- [Information given]
------------------------

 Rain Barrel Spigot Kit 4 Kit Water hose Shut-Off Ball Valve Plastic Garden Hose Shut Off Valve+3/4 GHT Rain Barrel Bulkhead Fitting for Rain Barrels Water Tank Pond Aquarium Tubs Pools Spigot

------------------------

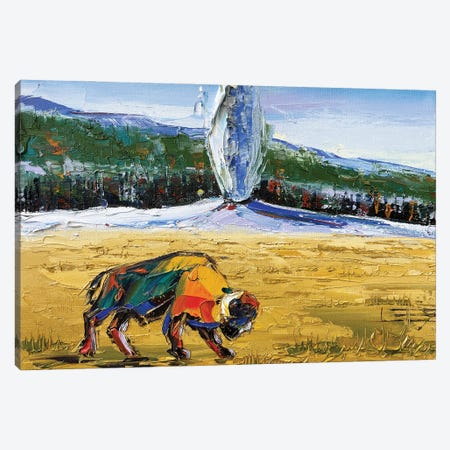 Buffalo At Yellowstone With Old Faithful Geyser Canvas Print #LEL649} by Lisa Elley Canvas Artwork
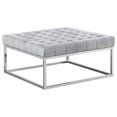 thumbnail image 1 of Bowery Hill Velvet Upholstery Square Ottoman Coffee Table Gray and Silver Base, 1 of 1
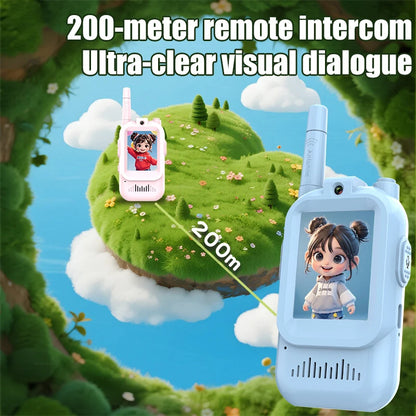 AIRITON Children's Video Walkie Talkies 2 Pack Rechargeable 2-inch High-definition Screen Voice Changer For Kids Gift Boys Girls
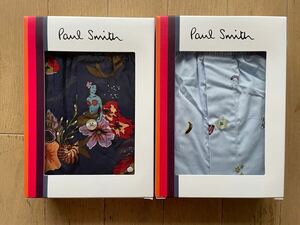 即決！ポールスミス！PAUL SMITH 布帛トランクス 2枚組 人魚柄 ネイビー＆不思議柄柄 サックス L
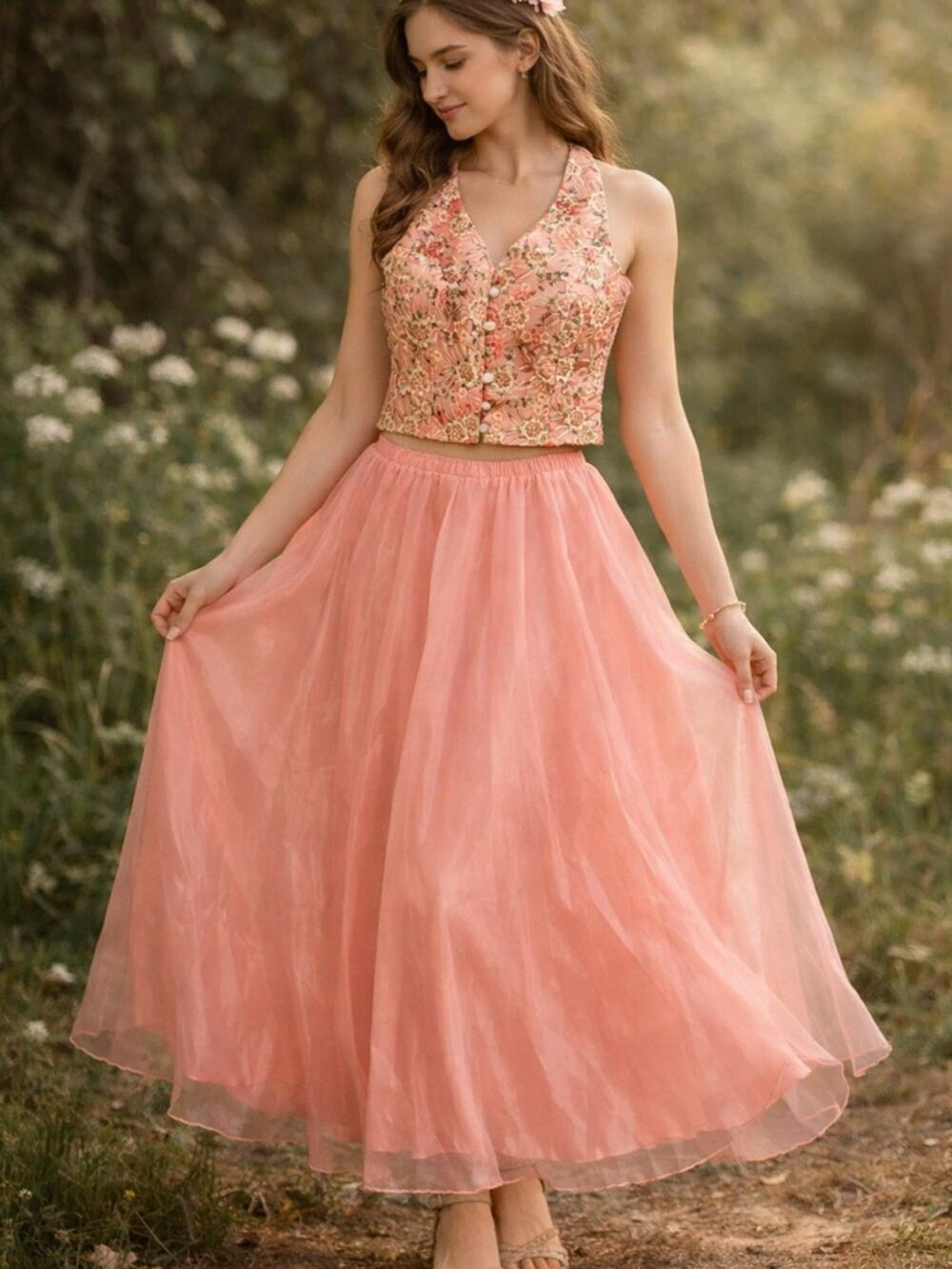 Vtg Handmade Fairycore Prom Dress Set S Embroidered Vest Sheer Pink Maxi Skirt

------------------------

- [Work instruction] Your reply should consist solely of the lines above from the line containing "AIRITON Children's Video" up to and including the line containing "Vtg Handmade Fairycore", reproduced exactly, minus the pictures.

- [Solution below]
 AIRITON Children's Video Walkie Talkies 2 Pack Rechargeable 2-inch High-definition Screen Voice Changer For Kids Gift Boys Girls
 即決！ポールスミス！PAUL SMITH 布帛トランクス 2枚組 人魚柄 ネイビー＆不思議柄柄 サックス L
 Vtg Handmade Fairycore Prom Dress Set S Embroidered Vest Sheer Pink Maxi Skirt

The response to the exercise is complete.